--- WHAT IS BEING ASKED ---
Each entry below must be repeated exactly, with pictures left out.

--- Short text fragments from websites ---

#####

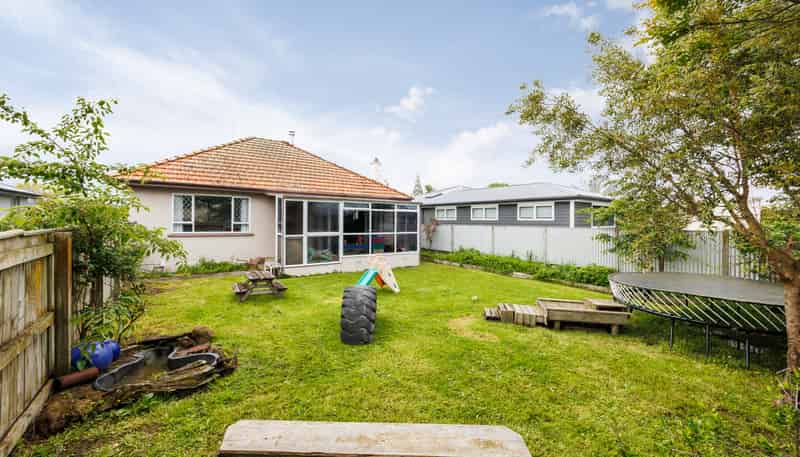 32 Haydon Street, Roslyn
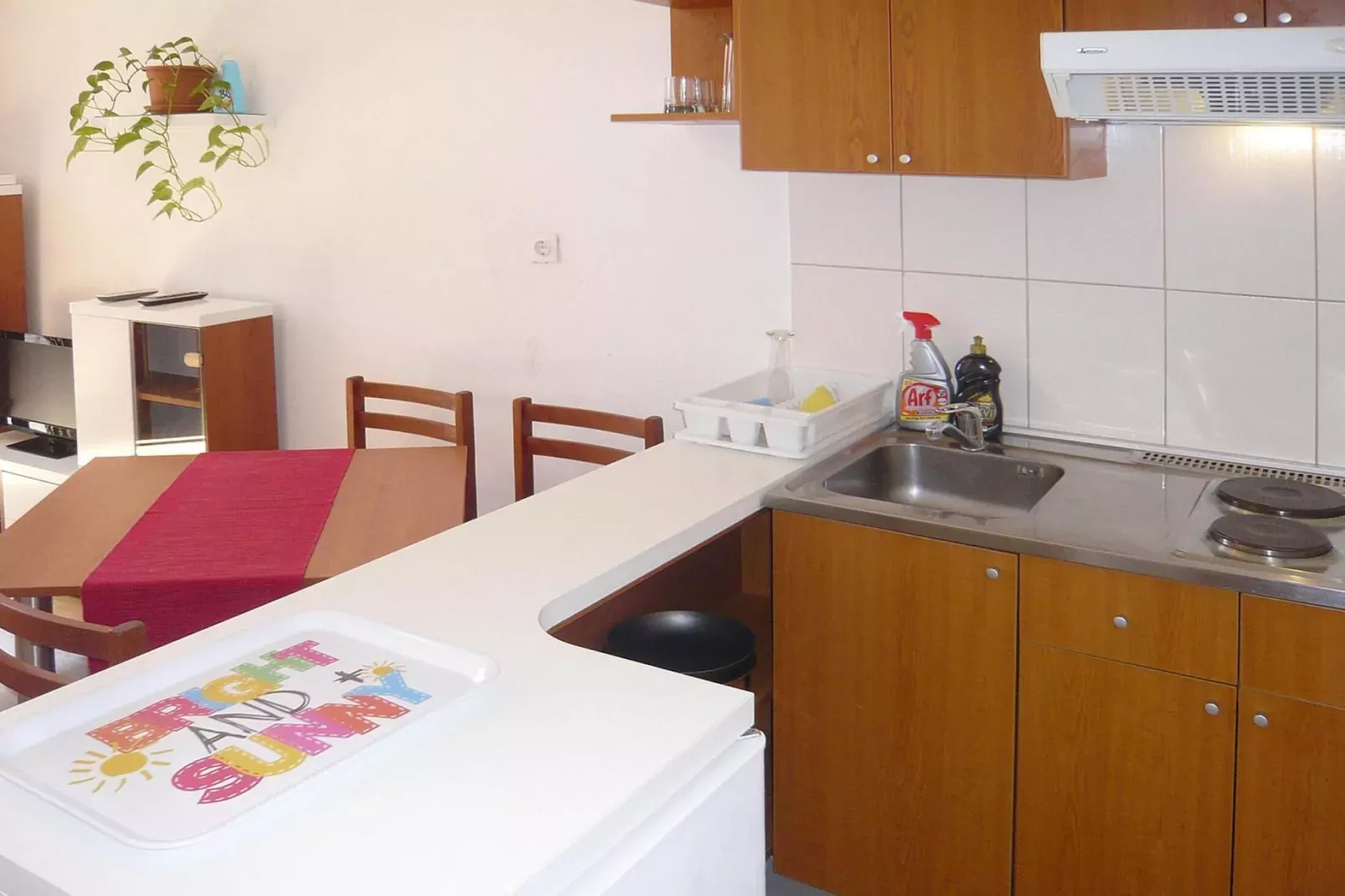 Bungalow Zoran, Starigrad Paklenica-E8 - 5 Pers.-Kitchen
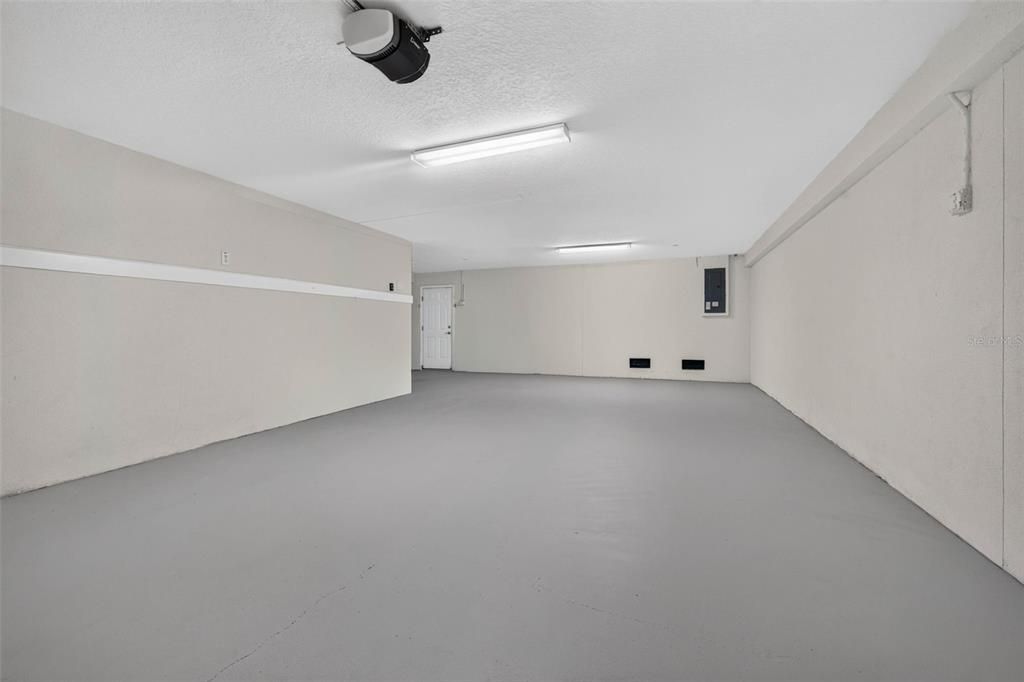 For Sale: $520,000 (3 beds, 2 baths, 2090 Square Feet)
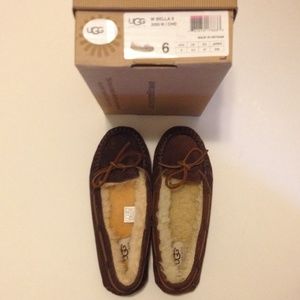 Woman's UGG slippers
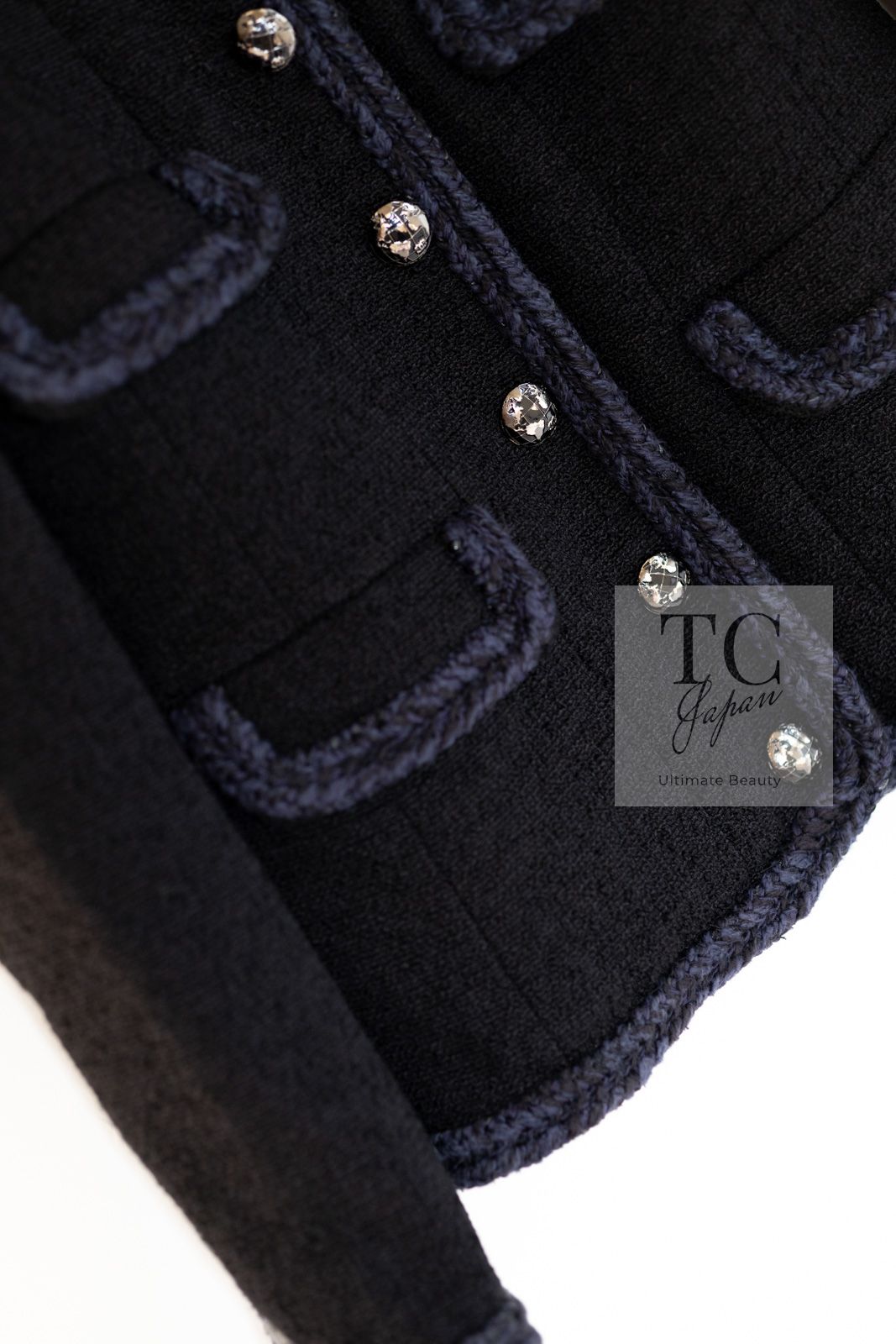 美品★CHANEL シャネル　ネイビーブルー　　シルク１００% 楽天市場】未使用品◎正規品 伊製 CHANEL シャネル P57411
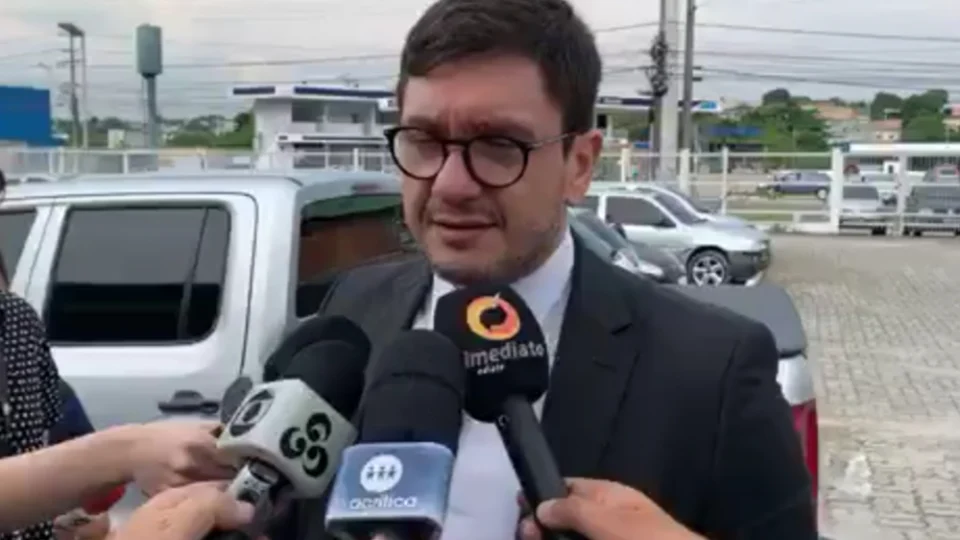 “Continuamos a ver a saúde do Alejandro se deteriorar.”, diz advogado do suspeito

#####

--- FINISHED EXERCISE ---
 32 Haydon Street, Roslyn
 Bungalow Zoran, Starigrad Paklenica-E8 - 5 Pers.-Kitchen
 For Sale: $520,000 (3 beds, 2 baths, 2090 Square Feet)
 Woman's UGG slippers
 美品★CHANEL シャネル　ネイビーブルー　　シルク１００% 楽天市場】未使用品◎正規品 伊製 CHANEL シャネル P57411
 “Continuamos a ver a saúde do Alejandro se deteriorar.”, diz advogado do suspeito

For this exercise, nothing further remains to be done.